Monday, August 15, 2011
The performing arts are not well respected in the United States in my opinion. I was recently in Verbier Switzerland, and there was a much higher level of respect for the arts. I was there for ten days for the Verbier Music Festival, and it was a surreal experience. There was beautiful music making in a town surrounded by the Swiss Alps. This area of the world should be called one of the seven wonders of the world. I remember siting in Harold's Internet Cafe, and they were watching the classical music concerts live on a big screen. Harold's is essentially a bar. How often would a classical music performance be playing on a big screen tv in a bar in the United States?
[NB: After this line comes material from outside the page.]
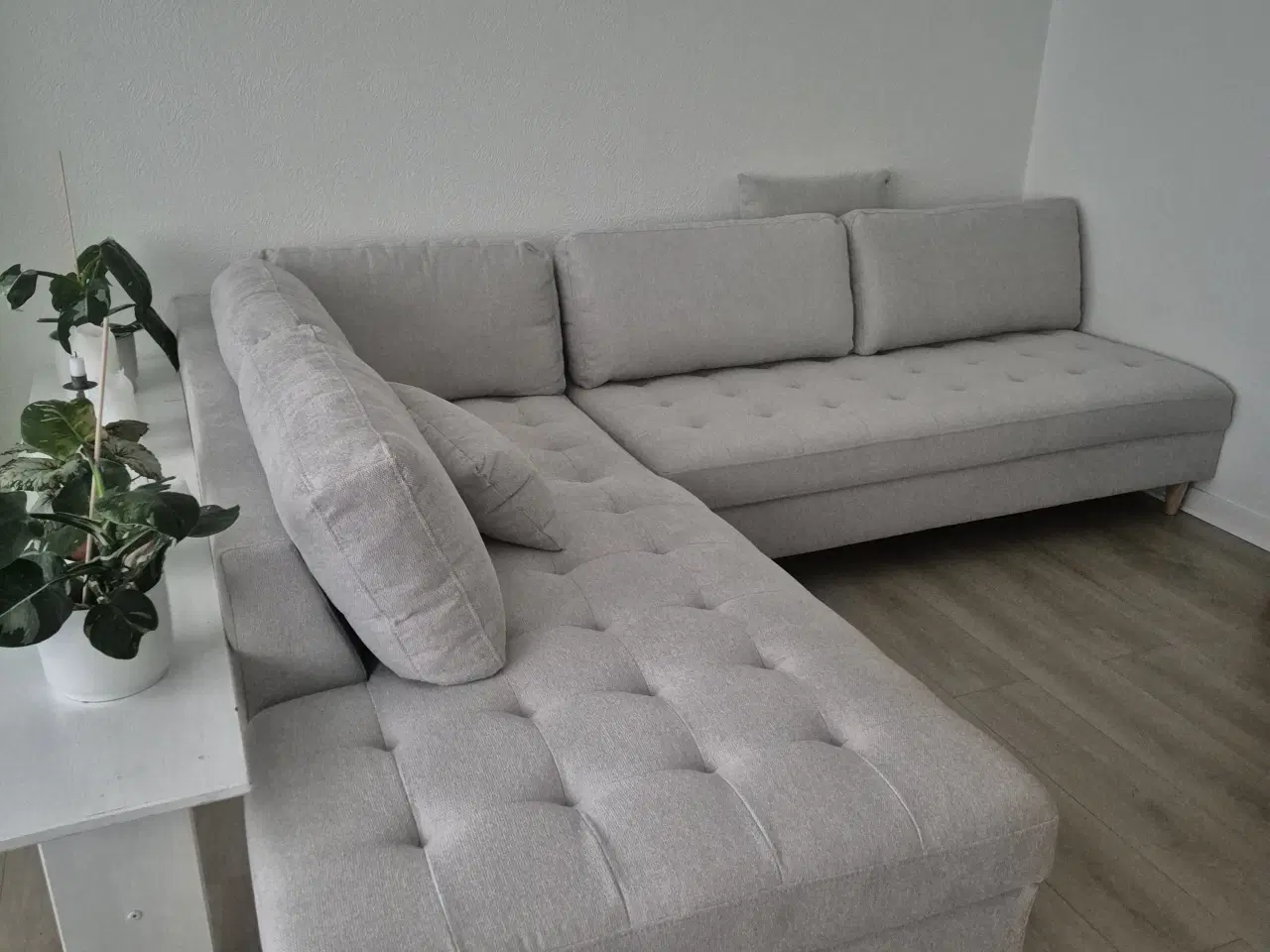 Billede 1 - U-sofa i ny stand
I would say that the odds are pretty low. It is a shame that the performing arts are not more respected in this country. I love my country and am damn lucky to be a citizen here. Don't get me wrong. I think our values need a bit of fine tuning. Any type of performing arts is good for the brain and soul. It is not the fault of people in this country. They are not exposed to the arts, nor is it of much importance most of the time. However, there are some people who dedicate their whole lives to enriching artists. In this case, I am talking about young opera singers. Last month, I had the pleasure of performing with dell'Arte Opera Ensemble, a non profit opera company run by Maestro Christopher Fecteau and his wife soprano, Karen Rich. These are two people who are all about enriching the lives of young singers. Talk about supporting the arts. Pretty cool, huh? They aren't in it for the money. They are in it because they care about the arts. Now that is what dedication is all about. Maestro Fecteau demands that a singer try their best in this program. However, he is demanding out of love for each person in the program. My point in writing this is that I am my own worst critic to excess sometimes. I focus on what I am lacking. Blah, blah, blah... I forget how grateful I am. My whole summer has been performing. Small opera companies such as dell'Arte Opera Ensemble are saving the world. There are many others as well, I am focusing on dell'Arte Opera Ensemble because performing with them was my experience this past summer. Do not underestimate the healing power of the arts. Considering the mess our country is in, we need healing. I have great hope for the world and I am optimistic that things can change. We need to do it now.